The Friends of Pine Hawk 2024 Fall Programs are presented with support from the Acton Memorial Library and Freedom’s Way National Heritage Area.

Events are free but require registration at tinyurl.com/pinehawk-2024
Questions? Email friends.of.pinehawk@gmail.com

Archaeological Discoveries in New England Wednesday, October 9, 7-8:30PM, in person at the Acton Memorial Library and via Zoom.

Peabody award winning Smithsonian filmmaker Ted Timreck shares documentary footage from two little known discoveries that show the potential of what might be found anywhere in the New England countryside.

Ancient Winters at the Flagg Swamp Rockshelter Tuesday, October 15, 7-8:30PM, in person at Acton Memorial Library and via Zoom.

Eric Johnson of UMass-Amherst provides a retrospective on the excavation of this remarkable 4,000-year-old site in Marlborough, Massachusetts.


Adult Archaeology Walk Saturday, October 19, 10AM–noon, in-person only.  

Bettina Abe, Acton trail volunteer and retired member of Acton’s Conservation Division, will lead a brisk hike along the Nashoba Brook Ttrail, with stops at the stone chamber and Native American ceremonial sites. Trail conditions can be rocky, uneven, and often wet, and thus participation is limited. Registrants will receive a detailed email several days before the walk. Limited to 20, ages 17 and up. 


Burying the Trowel: A History of Controversy and Innovation in New England’s Cultural Stone Features Debate Tuesday, October 22, 7-8:30PM in person at Acton Memorial Library and via Zoom. 

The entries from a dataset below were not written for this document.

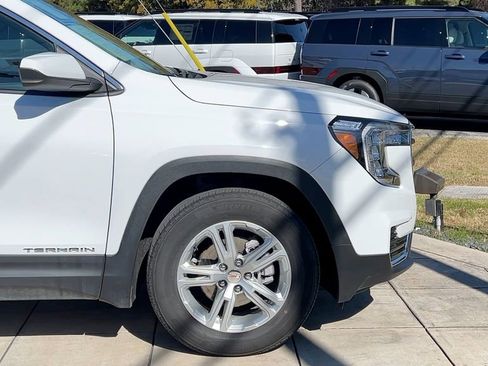 Used 2024 GMC Terrain SLE image 12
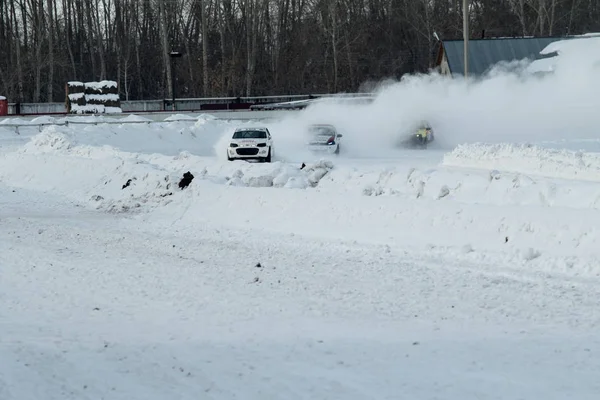 Petropavlovsk, Kazakistan - 6 Mart 2016: Fincan Urallar, Sibirya ve Kazakistan kış parça yarış. Yarış pisti Bishkul Kuzey Kazakistan 2016.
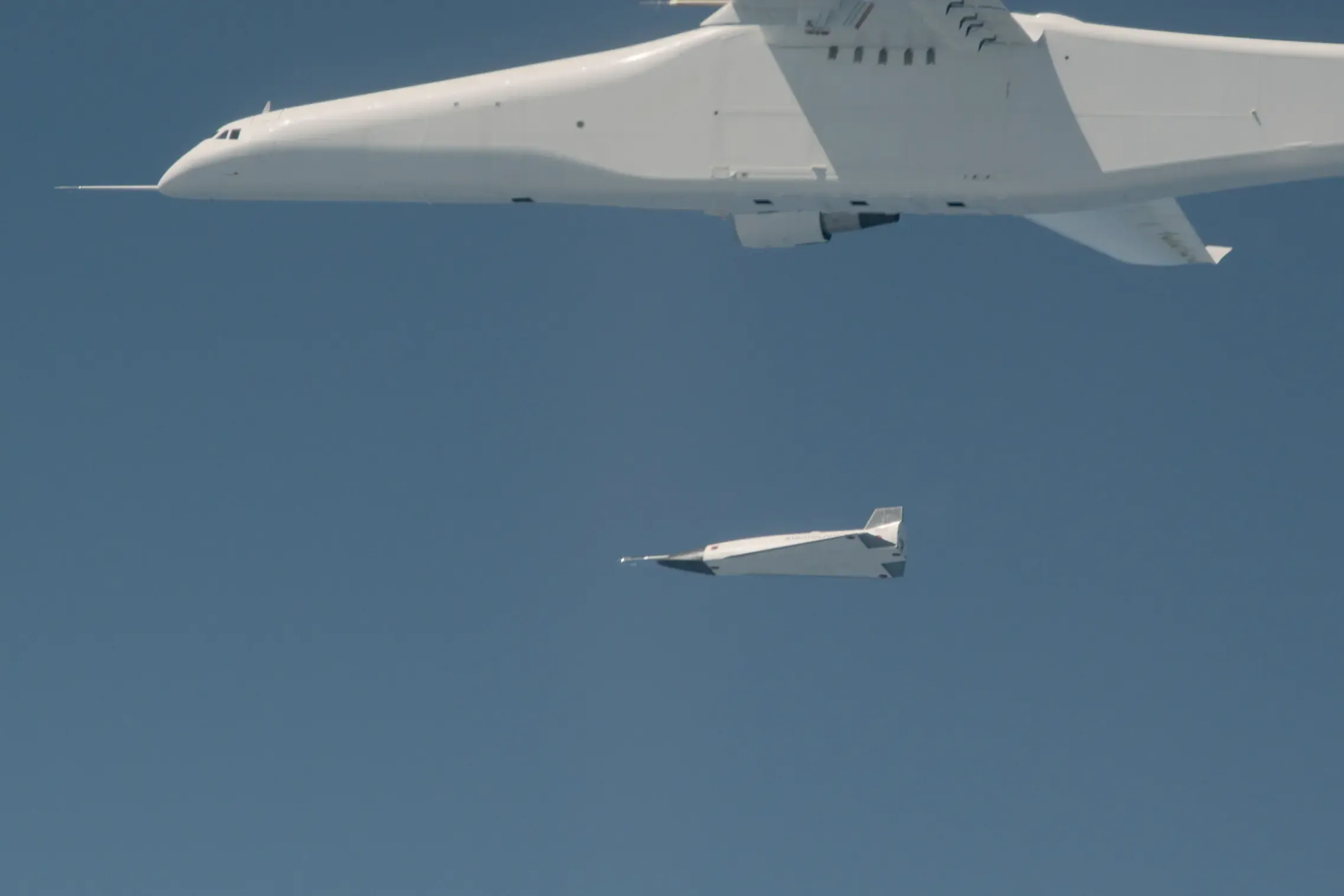 Stratolaunch успешно запустила гиперзвуковой аппарат с борта гигантского самолета Roc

Unusual stone features dot the woodlands and hillsides of New England, and their provenance has been subject to many theories and debate. Cultural anthropologist Caitlin O’Riordan will give an overview of the changing ways these features have been understood over time, and the friction this has caused between avocational researchers and professional archaeologists. 


Changes in the Land Book Discussion Tuesday, October 29, 7-8:30PM in person at Acton Memorial Library only.

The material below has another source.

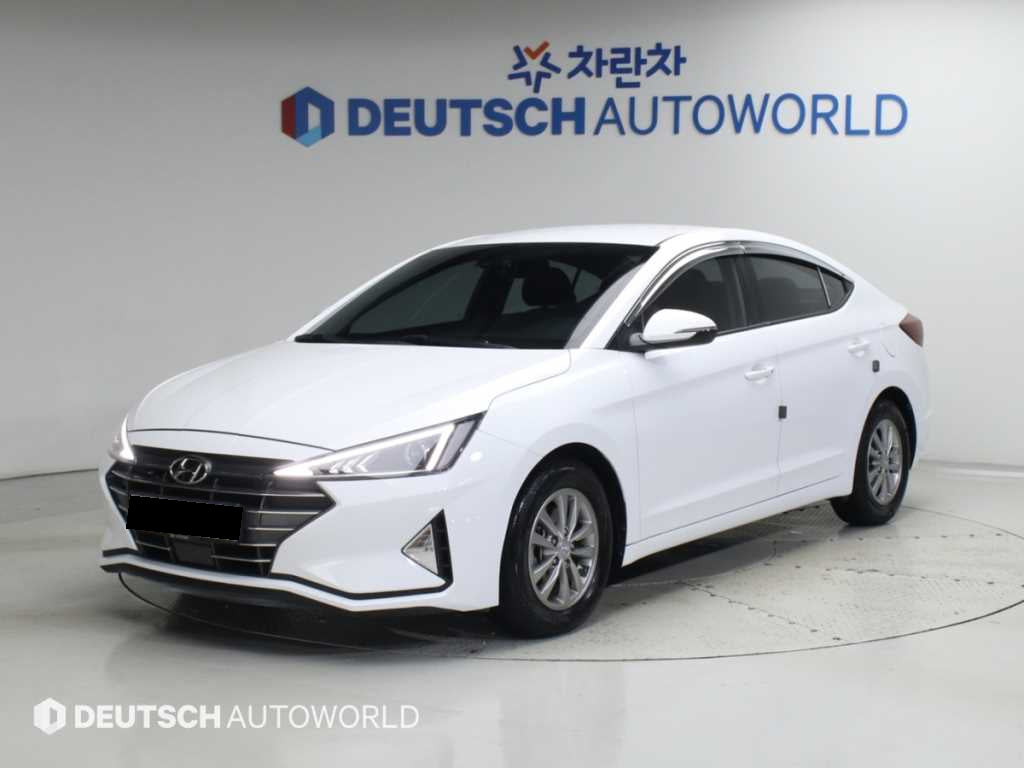 Hyundai Avante — photo 01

Join a group discussion of this landmark environmental history by William Cronon, which offers an original and profound explanation of the effects European colonists’ sense of property and their pursuit of capitalism had upon the ecosystems of New England. 


Acton Arboretum Walk  Saturday, November 16, 9:30-11AM in-person only.   

Bettina Abe and Kevin Gallant will lead a special tour through the Acton Arboretum to observe what may be Native American CSL’s (Ceremonial Stone Landscapes).  Limited to 25. 


Community Service Day Sunday, November 10, 1-3PM in person.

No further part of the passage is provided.